I've tried HTML 'dir' mapped to CSS 'direction'.  Nodes with HTML dir attribute have 'direction' set to the value of 'dir' in DOM inspector. However, in JavaScript, their values are empty (the same as HTML 'lang' mapped to CSS '-webkit-locale').  However, a node with 'style="dir: rtl"' works as expected. That is, <node>.style.direction has 'rtl' instead of 'undefined'.  


Perhaps, some more plumbing is necessary to expose mapped HTML attributes in JavaScript?  Any hint/help would be appreciated. In the meantime, I'll poke around further.
Comment 18 Jungshik Shin 2011-08-29 17:05:00 PDT
Oh. I think I should use computedStyle, instead.
Comment 19 Jungshik Shin 2011-09-01 18:16:08 PDT
Created attachment 106075 [details]
patch with layout test
Comment 20 WebKit Review Bot 2011-09-01 18:46:50 PDT
Comment on attachment 106075 [details]
patch with layout test

Attachment 106075 [details] did not pass chromium-ews (chromium-xvfb):
Output: http://queues.webkit.org/results/9580465

New failing tests:
fast/css/css3-modsel-22.html
fast/css/lang-selector-empty-attribute.xhtml
svg/W3C-SVG-1.1/styling-css-05-b.svg
fast/selectors/lang-vs-xml-lang.html
fast/css/css3-space-in-nth-and-lang.html
fast/dom/SelectorAPI/resig-SelectorsAPI-test.xhtml
fast/selectors/lang-inheritance.html
Comment 21 Jungshik Shin 2011-09-02 10:33:01 PDT
Comment on attachment 106075 [details]
patch with layout test

it can't be landed because a bunch of layout tests involving psuedo-lang selector fails. 

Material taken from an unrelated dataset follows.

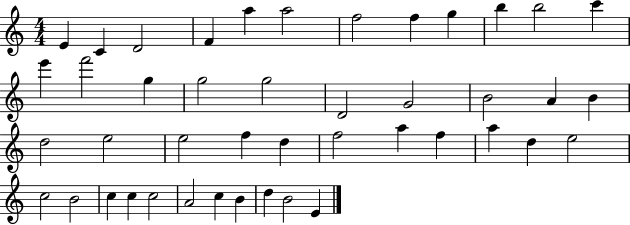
E4/q C4/q D4/h F4/q A5/q A5/h F5/h F5/q G5/q B5/q B5/h C6/q E6/q F6/h G5/q G5/h G5/h D4/h G4/h B4/h A4/q B4/q D5/h E5/h E5/h F5/q D5/q F5/h A5/q F5/q A5/q D5/q E5/h C5/h B4/h C5/q C5/q C5/h A4/h C5/q B4/q D5/q B4/h E4/q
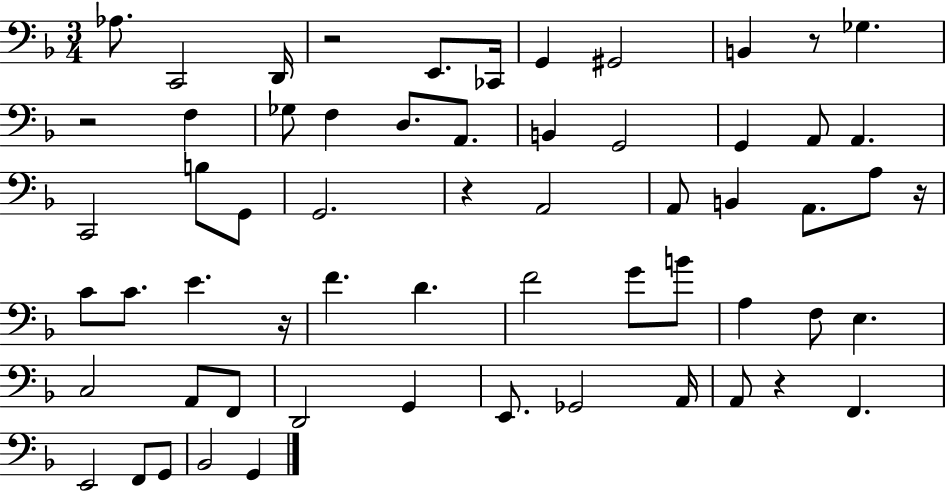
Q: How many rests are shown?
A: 7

When they're loaded for the 1st time, they're broken. As soon as I turn on DOM inspector, all the nodes affected by pseudo-lang selector get rendered correctly.
Comment 22 Jungshik Shin 2011-09-02 17:32:57 PDT
Created attachment 106227 [details]
patch update (still not passing some layout tests)

I also tried using computedStyle in computeInheritedLanguage, but it still does not pass some layout tests. 

What I'll do is to punt this bug (making computeInheritedLanguage more efficient) and file a new bug that focus on mapping 'lang' and 'xml:lang' to -webkit-locale because only the latter is necessary for font fallback.  
That means Content-Langauge is not reflected in font fallback (neither will be document encoding). I have another idea on that issue, but we can punt that, too, for now. 

After filing a new bug on mapping lang/xml:lang to -webkit-locale, I'll upload a patch for html/HTMLElement.cpp there along with the current layout test.
Comment 23 Jungshik Shin 2011-09-04 23:54:30 PDT
I filed bug 67586 with a narrower scope than this. To that bug, I attached a patch to map lang/xml:lang to -webkit-locale to be used in font fallback and tex-transform.